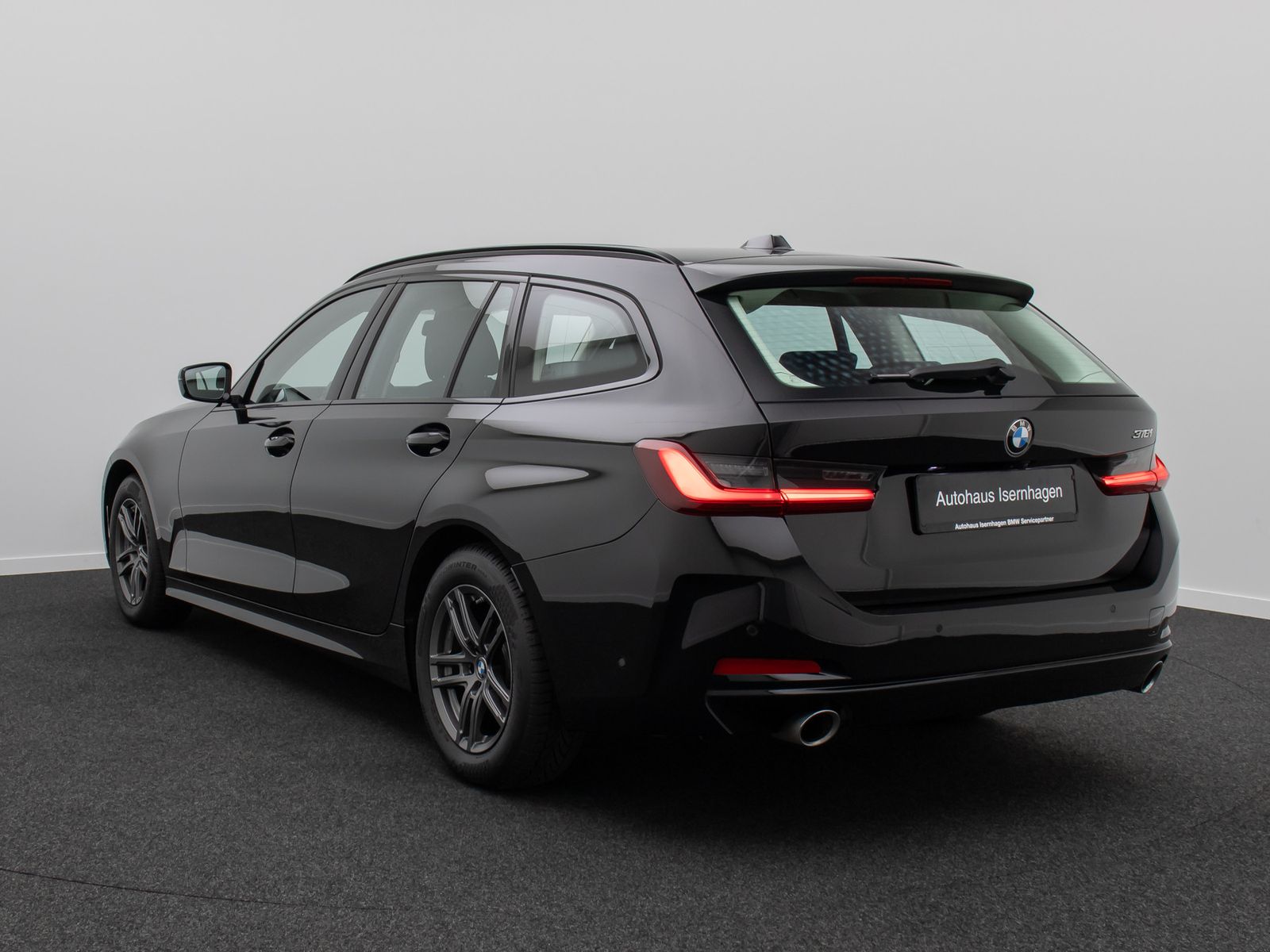 Fahrzeugabbildung BMW 318i Widscreen DAB Alarm Kamera CockpitPlus
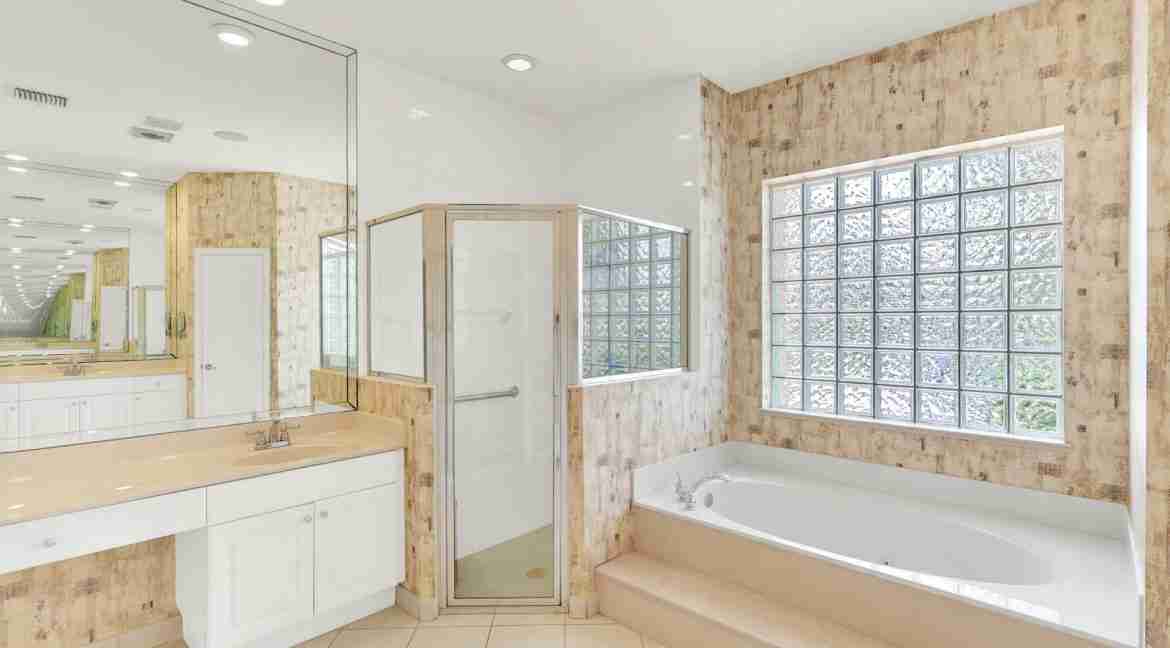 2217_SE_Montrose_Lane-30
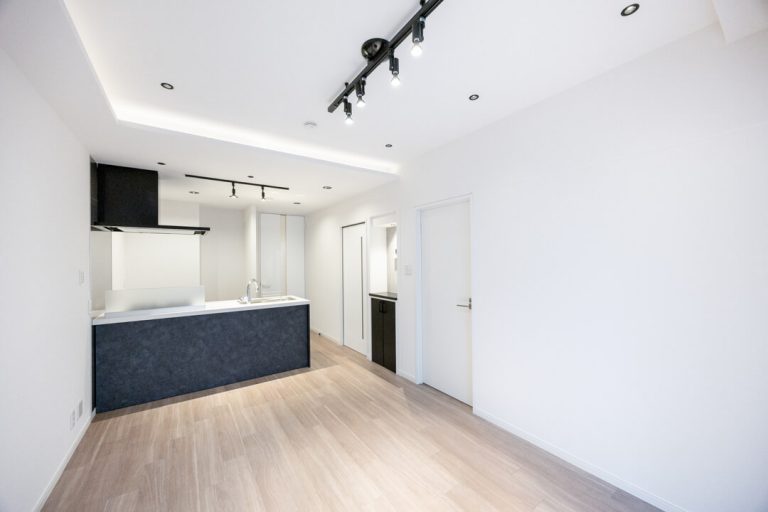 青山一丁目　いちょう並木を日常に、住まいにもワークにも応える南向き2LDK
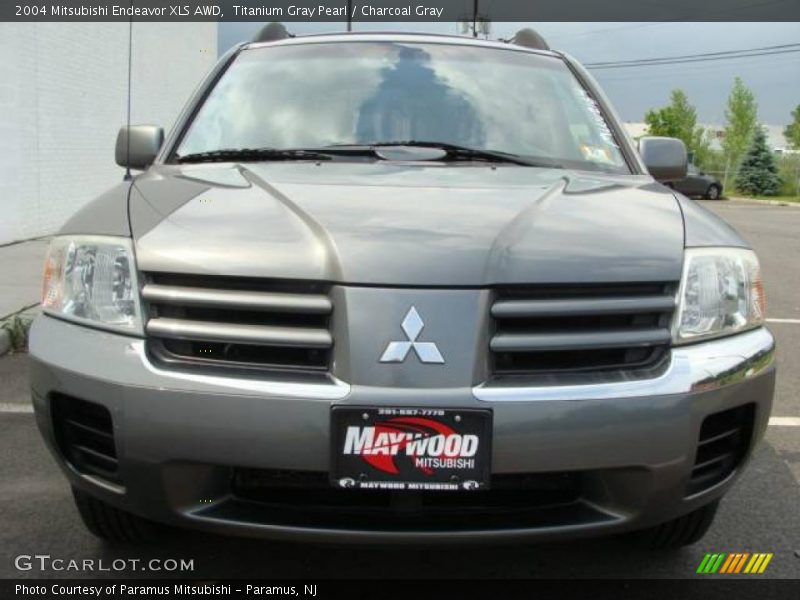 Titanium Gray Pearl / Charcoal Gray 2004 Mitsubishi Endeavor XLS AWD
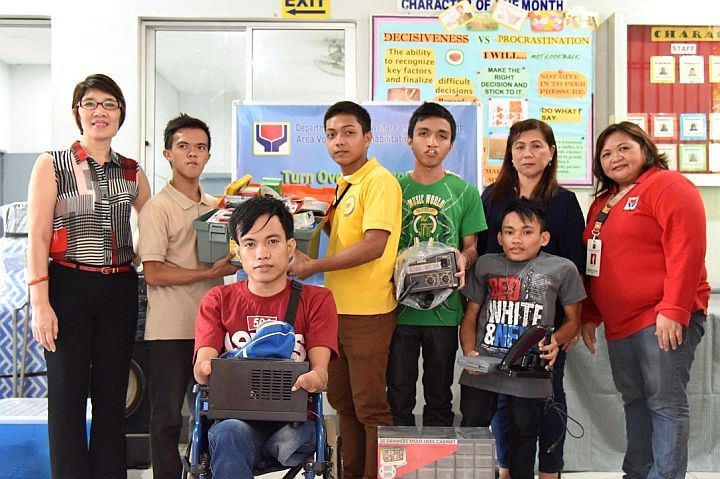 PWDs who completed the Consumer Electronics Repair course at the Area Vocational Rehabilitation Center receive starter kits from DSWD-7 officials, namely, assistant regional director for Operations Shalaine Marie Lucero (extreme left), AVRC II head Herminia Cabahug (2nd from right) and Sustainable Livelihood Program regional coordinator Jennifer Quimno (extreme right). (CONTRIBUTED)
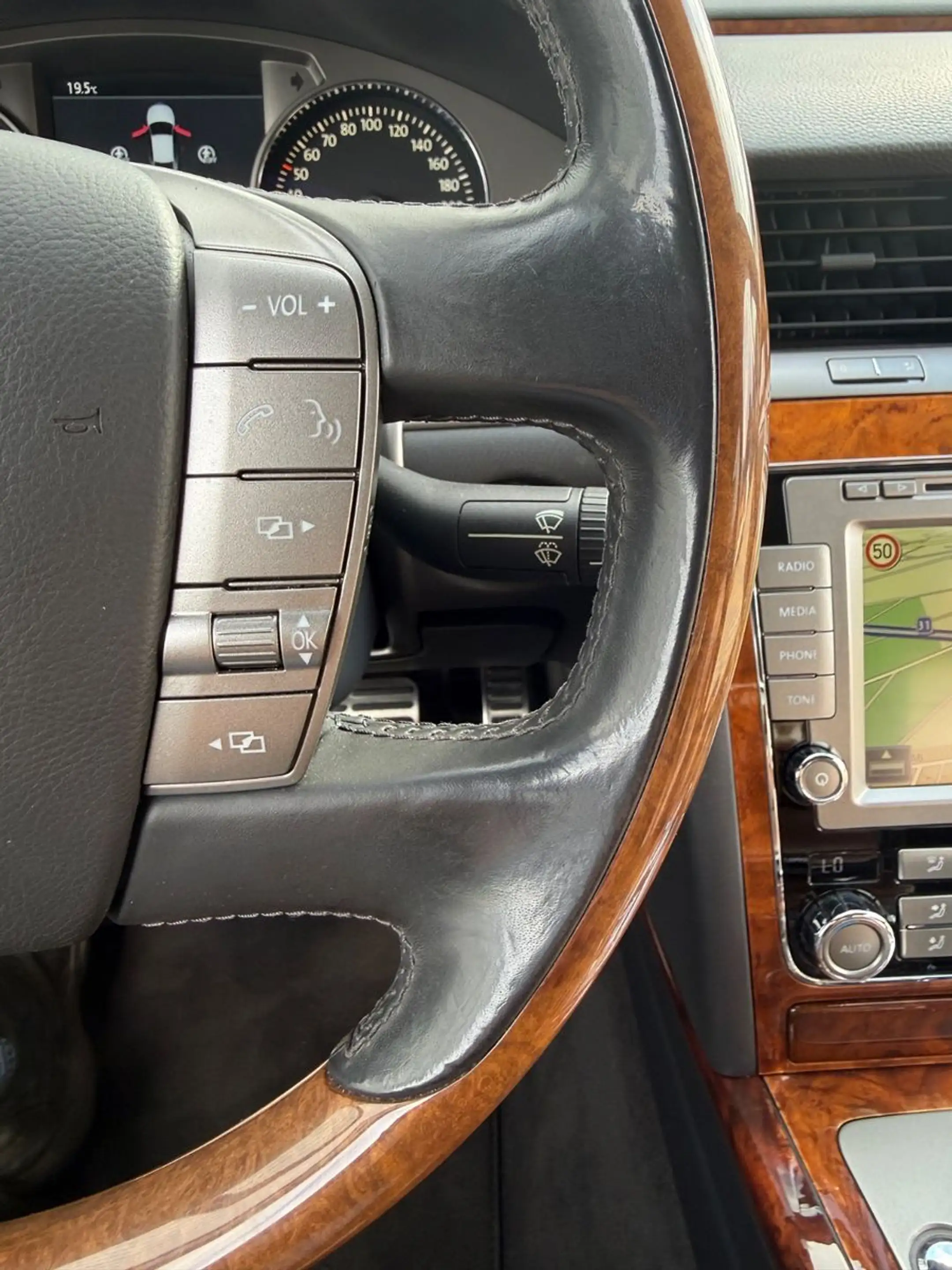 Volkswagen Phaeton 3.0 V6 TDI+Exclusive+viel investiert+TOP — photo 6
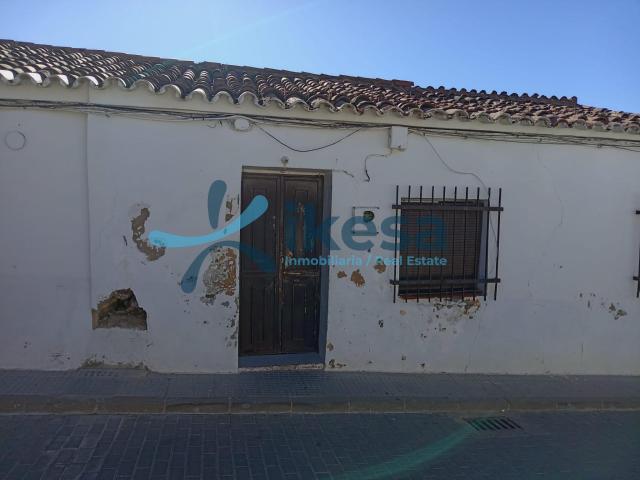Venta de Casa en Calañas, Huelva. Activo inmobiliario Sin Posesión, No se puede visitar
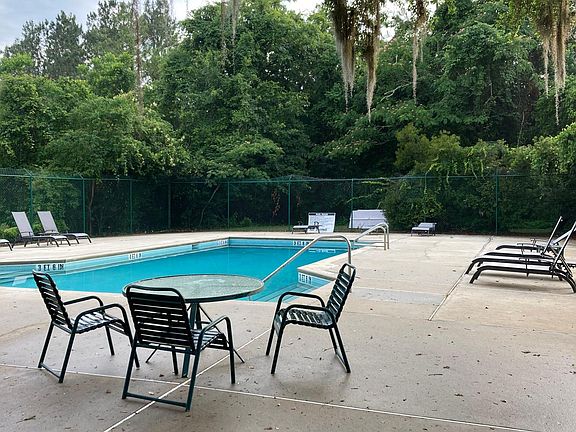 3rd image of 3036 Royal Palm Way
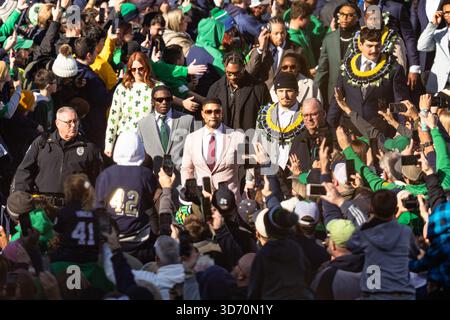 South Bend, Indiana, États-Unis. 22 novembre 2025. L'entraîneur-chef de notre Dame, MARCUS FREEMAN, accueille les fans sur le chemin du stade notre Dame avant le match de football de la NCAA entre le #9 notre Dame Fighting Irish et le Syracuse Orange au notre Dame Stadium de South Bend, Indiana, le 22 novembre 2025. Notre Dame bat Syracuse 70-7. (Crédit image : © Justin Sicking/ZUMA Press Wire) USAGE ÉDITORIAL SEULEMENT ! Non destiné à UN USAGE commercial ! Banque D'Images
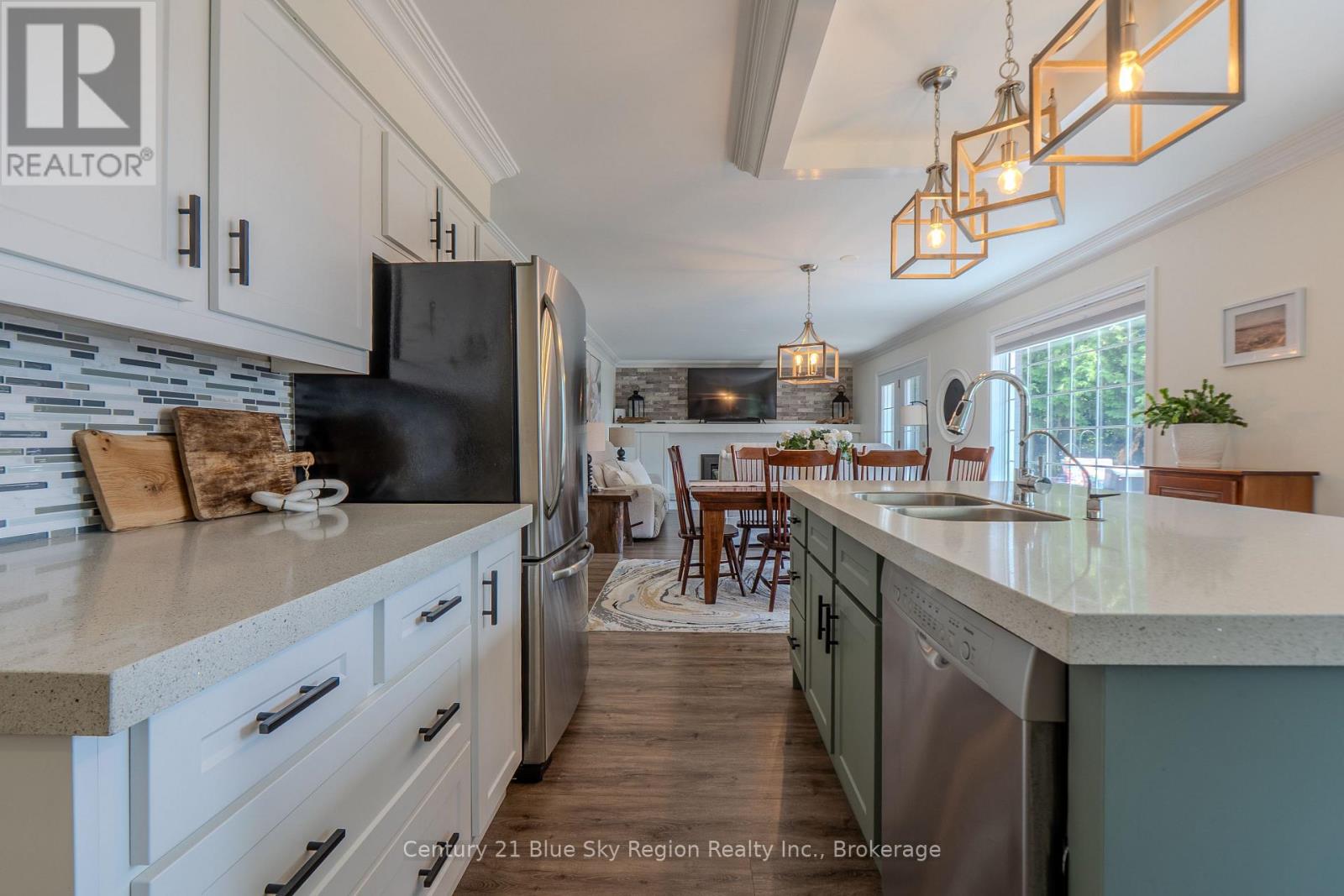 6 DU LAC DRIVE - Image 16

────────────────────

Task to carry out: Output all the data, exactly, without images.

Task answer:
 Fahrzeugabbildung BMW 318i Widscreen DAB Alarm Kamera CockpitPlus
 2217_SE_Montrose_Lane-30
 青山一丁目　いちょう並木を日常に、住まいにもワークにも応える南向き2LDK
 Titanium Gray Pearl / Charcoal Gray 2004 Mitsubishi Endeavor XLS AWD
 PWDs who completed the Consumer Electronics Repair course at the Area Vocational Rehabilitation Center receive starter kits from DSWD-7 officials, namely, assistant regional director for Operations Shalaine Marie Lucero (extreme left), AVRC II head Herminia Cabahug (2nd from right) and Sustainable Livelihood Program regional coordinator Jennifer Quimno (extreme right). (CONTRIBUTED)
 Volkswagen Phaeton 3.0 V6 TDI+Exclusive+viel investiert+TOP — photo 6
Venta de Casa en Calañas, Huelva. Activo inmobiliario Sin Posesión, No se puede visitar
 3rd image of 3036 Royal Palm Way
 South Bend, Indiana, États-Unis. 22 novembre 2025. L'entraîneur-chef de notre Dame, MARCUS FREEMAN, accueille les fans sur le chemin du stade notre Dame avant le match de football de la NCAA entre le #9 notre Dame Fighting Irish et le Syracuse Orange au notre Dame Stadium de South Bend, Indiana, le 22 novembre 2025. Notre Dame bat Syracuse 70-7. (Crédit image : © Justin Sicking/ZUMA Press Wire) USAGE ÉDITORIAL SEULEMENT ! Non destiné à UN USAGE commercial ! Banque D'Images
 6 DU LAC DRIVE - Image 16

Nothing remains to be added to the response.